In re J.C.M.J.C., 268 N.C. App. 47 (2019)

  • Facts: DSS filed a petition alleging neglect after (1) receiving reports of children being unattended outside, father smoking marijuana, suspected domestic violence, and an unclean home and (2) needing to file an interference petition due to parents refusal to cooperate with the DSS assessment. At the adjudicatory hearing, one witness was called – the DSS social worker. The children were adjudicated neglected based on the brief social worker testimony and judicial notice of the findings in the nonsecure custody order. Respondents appeal, challenging the findings of fact and conclusion of law.
  • Standard of review: Are the findings of fact based on clear and convincing competent evidence, and do the findings support the conclusions of law. Conclusions of law are reviewed de novo.

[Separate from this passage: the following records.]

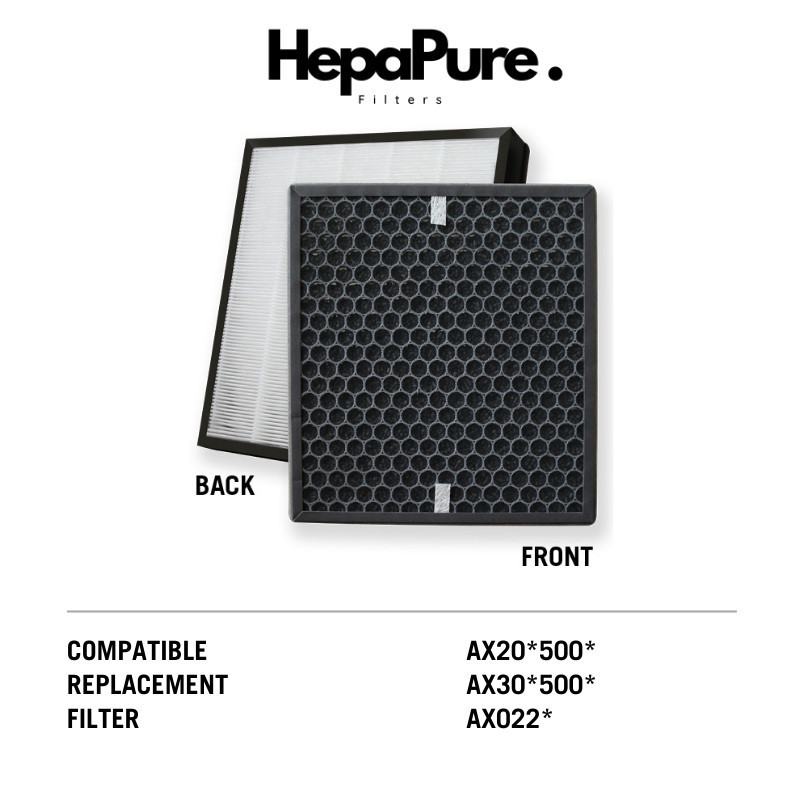 SAMSUNG AX20*500*/AX30*500*/AX022 Air Purifier Compatible Replacement ...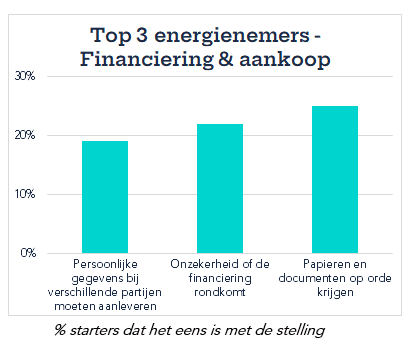 Aanleveren informatie grootste struikelpunt voor starter op woningmarkt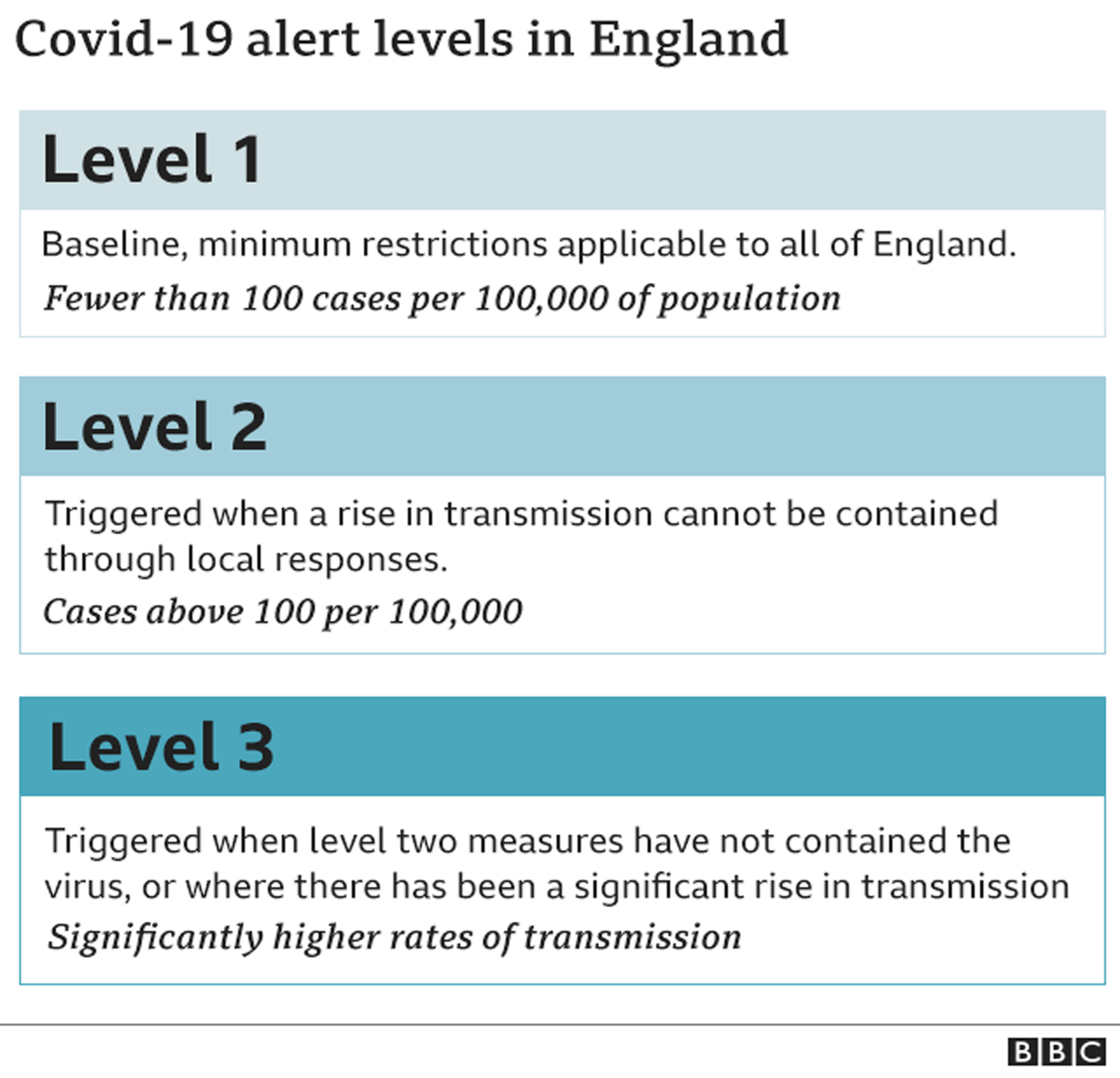 _114711170_covid_tiers_640_2x-nc.png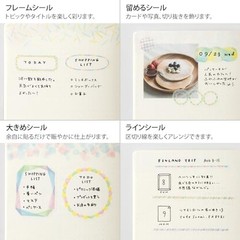 Midori Stickers Yuru Log Watercolor Pattern 2 Sheets 82676006 Washi Paper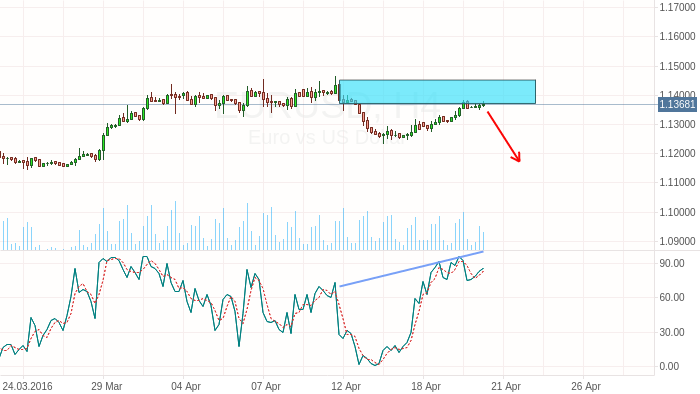 EURUSD: Медвежье настроение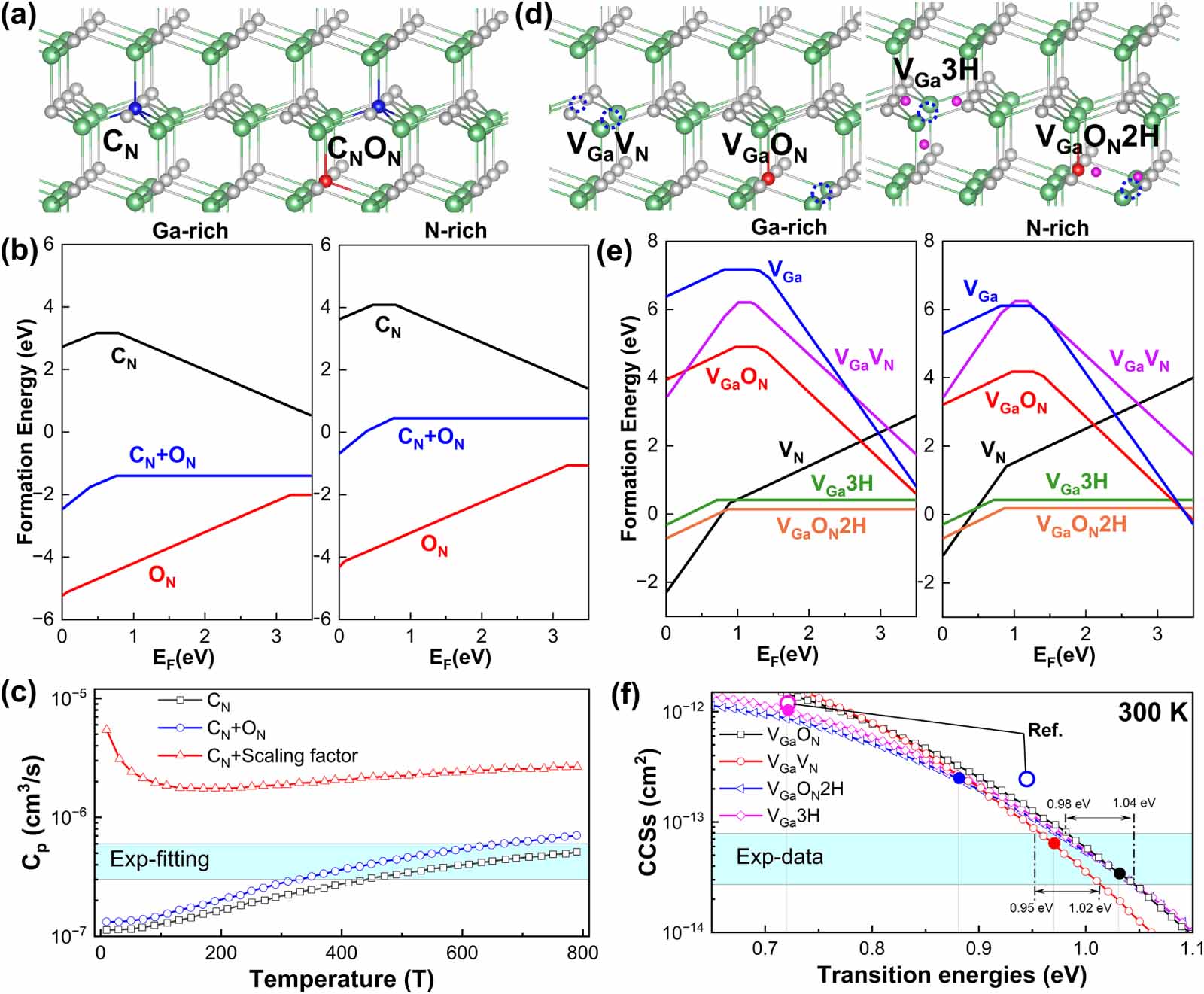 Identification of luminescent defects in wide-bandgap semiconductors ...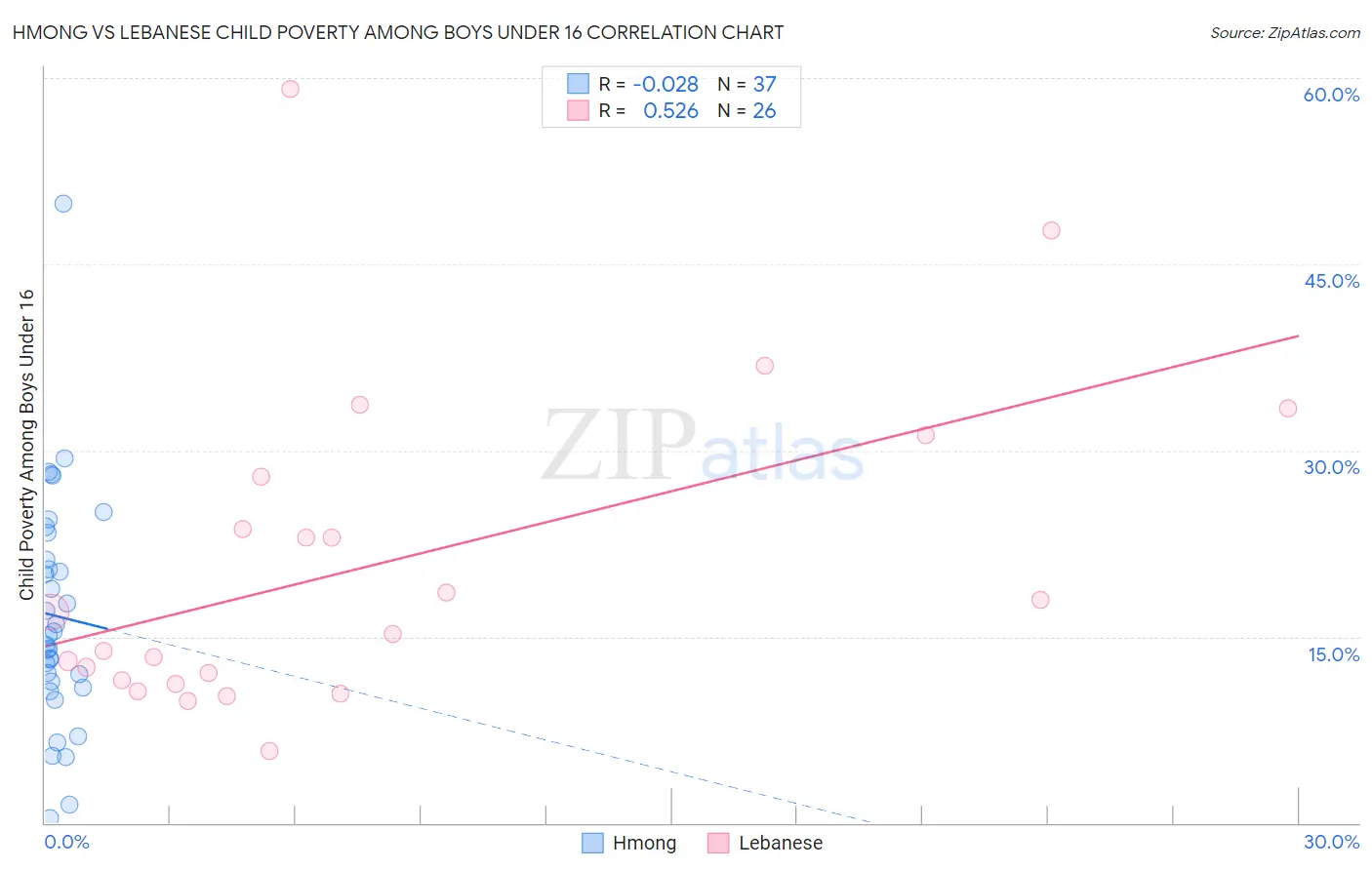 Hmong vs Lebanese Child Poverty Among Boys Under 16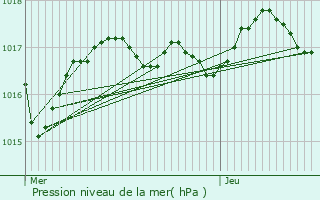 Graphe de la pression atmosphrique prvue pour Saint-Trojan-les-Bains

  • Judicial Notice: Although a trial court may take judicial notice of its own proceedings, “it is problematic to allow the trial court’s findings of fact in the [nonsecure custody order] to serve as the sole evidentiary support for the great majority of the adjudicatory findings….” Sl. Op. at 13.  Although the same standard of proof applies to a hearing on the need for continued nonsecure custody and the adjudicatory hearing – clear, cogent, and convincing evidence – the rules of evidence do not apply to a nonsecure custody hearing. There is no way to know if the findings for the nonsecure custody order were based on evidence that would be admissible at an adjudicatory hearing where the rules of evidence apply.
  • Findings: Many of the findings are recitations of allegations or reports and are not really findings of fact. They are not affirmative findings that would support a conclusion of neglect.  Other findings are not supported by clear and convincing evidence. The affirmative findings that were made focus mostly on the respondents’ obstruction with the DSS assessment and do not support a conclusion of neglect based on a lack of proper care, supervision, or disciplines or that the children lived in an injurious environment.
  • The smell of marijuana alone does not support an adjudication of neglect as there is no evidence of harm or substantial risk of harm to the juveniles (see Sl. Op. FN 5)
  • Multiple absences from school without findings contextualizing those absences – the reason, whether they were unexcused, the degree to which the children were academically behind – are insufficient to show the children were denied an education such that they were neglected. See In re McMillan, 30 N.C. App. 235 (1976); In re R.L.G., 816 S.E.2d 914 (2018).